Os cientistas recolheram entre 2016 e 2020 amostras de neve em torno dos locais turísticos e dos locais de pesquisa intensa, e descobriram que o carbono negro encontrado nessas amostras era consideravelmente mais abundante do que os níveis medidos em outras zonas do continente.
A pesquisa descobriu que os níveis mais altos de fuligem foram encontrados perto da estação argentina de investigação em Hope Bay, na Península de Trinity, perto da região mais ao norte da Antártida.
“Os navios (turísticos) na Antártida geralmente usam combustível marítimo menos poluente, e alguns navios estão complementando o combustível com baterias elétricas”, disse o estudo.
Mas os cientistas percebem, pelos seus resultados, que tem de ser feito mais para reduzir a poluição, à medida que o turismo continua a aumentar no continente.
Cerca de 74.000 turistas visitaram a Antártida durante o verão de 2019 e 2020, dizem os cientistas, o que representa um aumento de 32% em relação ao de 2018 e 2019, e mais que o dobro de há uma década.
Khan disse que este estudo foi importante não só para perceber o que está acontecendo na Antártida, mas porque os modelos climáticos globais – que os cientistas usam para prever mudanças ambientais com décadas e séculos de antecedência – precisam compreender melhor o impacto da albedo da neve no sistema climático.
“O efeito da albedo da neve é uma das maiores incertezas na criação de modelos climáticos regionais e globais neste momento”, disse Khan à CNN.
“Essa é uma das motivações para o estudo. Quantificar o impacto do carbono negro na Antártida resultante das emissões locais das atividades de pesquisa e turismo, sobre o degelo regional, o que é importante para quantificar o papel do carbono negro na perda global de neve e gelo”.
Marilyn Raphael, professora de geografia e diretora do Instituto do Meio Ambiente e Sustentabilidade da UCLA, explicou que mexer na Antártida pode alterar o delicado equilíbrio do nosso planeta.
“[A Antártida] está ali, sossegada e tranquila. Mas, se não existisse no estado em que deve existir, o equilíbrio que temos no sistema climático deixaria de existir”, disse Raphael.
O estudo acompanha um recorde alarmante na Antártida: a área do oceano coberta por gelo marinho ao redor do continente atingirá um novo mínimo neste ano. Raphael disse que as mudanças no gelo marinho também podem ter um alcance global.
O gelo marinho da Antártida é importante para manter o equilíbrio na circulação atmosférica, disse Raphael. Essa circulação impulsiona os ventos e é o meio pelo qual a energia é transportada para dentro ou para fora do continente.

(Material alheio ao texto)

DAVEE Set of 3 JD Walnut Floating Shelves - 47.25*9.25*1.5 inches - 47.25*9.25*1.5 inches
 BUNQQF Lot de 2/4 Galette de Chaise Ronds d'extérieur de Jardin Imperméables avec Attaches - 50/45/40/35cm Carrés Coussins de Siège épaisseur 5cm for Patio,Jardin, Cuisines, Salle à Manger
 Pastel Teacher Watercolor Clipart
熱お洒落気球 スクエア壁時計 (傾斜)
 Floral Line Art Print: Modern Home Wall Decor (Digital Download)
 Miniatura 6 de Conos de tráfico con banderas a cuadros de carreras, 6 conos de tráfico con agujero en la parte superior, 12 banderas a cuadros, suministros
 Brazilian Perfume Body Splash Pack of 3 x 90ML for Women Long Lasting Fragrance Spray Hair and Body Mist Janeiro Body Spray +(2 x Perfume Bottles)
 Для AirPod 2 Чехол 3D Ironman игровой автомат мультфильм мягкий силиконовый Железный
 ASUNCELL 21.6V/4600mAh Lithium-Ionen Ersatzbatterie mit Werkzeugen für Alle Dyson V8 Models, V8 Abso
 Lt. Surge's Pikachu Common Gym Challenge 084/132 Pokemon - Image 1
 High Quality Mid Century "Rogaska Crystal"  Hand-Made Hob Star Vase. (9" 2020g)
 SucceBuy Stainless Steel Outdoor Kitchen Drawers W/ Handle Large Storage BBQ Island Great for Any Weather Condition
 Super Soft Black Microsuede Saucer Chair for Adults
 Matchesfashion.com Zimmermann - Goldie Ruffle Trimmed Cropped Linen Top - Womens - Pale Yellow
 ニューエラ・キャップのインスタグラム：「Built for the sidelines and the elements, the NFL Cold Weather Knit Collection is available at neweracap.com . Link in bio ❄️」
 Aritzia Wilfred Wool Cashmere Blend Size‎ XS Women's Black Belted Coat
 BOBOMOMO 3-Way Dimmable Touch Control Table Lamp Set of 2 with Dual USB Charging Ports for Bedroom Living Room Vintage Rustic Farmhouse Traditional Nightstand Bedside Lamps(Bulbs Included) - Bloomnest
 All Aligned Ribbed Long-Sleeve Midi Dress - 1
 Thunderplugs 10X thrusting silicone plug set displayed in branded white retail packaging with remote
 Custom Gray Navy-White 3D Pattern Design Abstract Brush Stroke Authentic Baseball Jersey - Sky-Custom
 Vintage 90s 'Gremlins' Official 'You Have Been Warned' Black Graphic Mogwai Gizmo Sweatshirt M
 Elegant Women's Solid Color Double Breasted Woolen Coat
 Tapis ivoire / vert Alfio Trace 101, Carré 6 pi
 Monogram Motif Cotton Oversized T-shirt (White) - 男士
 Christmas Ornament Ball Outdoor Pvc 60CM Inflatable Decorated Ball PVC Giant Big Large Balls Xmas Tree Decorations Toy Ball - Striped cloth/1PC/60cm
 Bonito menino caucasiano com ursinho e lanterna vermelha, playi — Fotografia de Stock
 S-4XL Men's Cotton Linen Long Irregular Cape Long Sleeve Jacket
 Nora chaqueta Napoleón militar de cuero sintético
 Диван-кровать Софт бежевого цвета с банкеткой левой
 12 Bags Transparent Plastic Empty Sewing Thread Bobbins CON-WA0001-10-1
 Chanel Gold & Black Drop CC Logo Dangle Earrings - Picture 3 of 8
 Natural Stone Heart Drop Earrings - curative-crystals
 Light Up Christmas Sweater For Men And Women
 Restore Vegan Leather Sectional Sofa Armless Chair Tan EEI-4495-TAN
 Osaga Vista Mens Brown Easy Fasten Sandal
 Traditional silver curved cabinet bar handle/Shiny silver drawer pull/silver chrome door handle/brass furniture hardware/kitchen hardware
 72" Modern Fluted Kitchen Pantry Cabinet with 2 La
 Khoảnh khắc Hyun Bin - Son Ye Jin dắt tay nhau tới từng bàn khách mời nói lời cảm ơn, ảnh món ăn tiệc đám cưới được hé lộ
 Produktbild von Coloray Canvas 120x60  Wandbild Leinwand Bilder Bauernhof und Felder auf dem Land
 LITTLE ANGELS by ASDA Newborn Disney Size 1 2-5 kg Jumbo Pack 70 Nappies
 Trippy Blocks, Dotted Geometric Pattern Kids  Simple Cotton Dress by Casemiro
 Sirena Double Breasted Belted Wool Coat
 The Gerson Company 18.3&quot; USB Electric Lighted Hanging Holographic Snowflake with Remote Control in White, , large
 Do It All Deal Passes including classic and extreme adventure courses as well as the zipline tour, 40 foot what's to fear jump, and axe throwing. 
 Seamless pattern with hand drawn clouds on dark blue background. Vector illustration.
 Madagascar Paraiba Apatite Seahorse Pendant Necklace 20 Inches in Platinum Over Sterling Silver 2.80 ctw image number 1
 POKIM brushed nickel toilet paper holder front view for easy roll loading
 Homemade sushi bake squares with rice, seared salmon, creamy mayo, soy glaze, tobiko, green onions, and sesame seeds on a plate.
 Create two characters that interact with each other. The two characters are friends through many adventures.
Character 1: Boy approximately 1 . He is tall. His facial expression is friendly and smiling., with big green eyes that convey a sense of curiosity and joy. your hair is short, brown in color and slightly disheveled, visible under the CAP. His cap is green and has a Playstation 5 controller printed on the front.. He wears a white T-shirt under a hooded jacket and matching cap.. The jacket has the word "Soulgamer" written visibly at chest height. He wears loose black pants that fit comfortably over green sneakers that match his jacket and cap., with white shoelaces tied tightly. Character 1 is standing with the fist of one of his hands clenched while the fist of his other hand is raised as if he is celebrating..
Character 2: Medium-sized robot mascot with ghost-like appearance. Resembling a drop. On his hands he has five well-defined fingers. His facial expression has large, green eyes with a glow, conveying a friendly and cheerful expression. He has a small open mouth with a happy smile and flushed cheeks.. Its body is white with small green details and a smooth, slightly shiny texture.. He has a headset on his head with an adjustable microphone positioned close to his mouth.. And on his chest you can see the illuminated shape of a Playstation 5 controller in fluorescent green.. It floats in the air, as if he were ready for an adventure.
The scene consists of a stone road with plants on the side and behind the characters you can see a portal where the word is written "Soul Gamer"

“Se a circulação atmosférica mudar, o clima global muda”, disse ela.
À medida que as águas ficam mais quentes e o gelo do mar desaparece, algumas casas tornam-se inabitáveis para alguns animais da Antártida.
As colônias de pinguins, por exemplo, dependem muito do krill para se alimentarem, e o krill depende do gelo marinho. Os cientistas viram um declínio chocante nas colônias recentemente, à medida que o krill se vai tornando mais difícil de encontrar.
“Tudo o que fazemos tem consequências”, disse Raphael. “Temos de estar a par dessas consequências, especialmente em sistemas sobre os quais sabemos relativamente pouco. Temos de ter cuidado para não perturbar o equilíbrio climático”.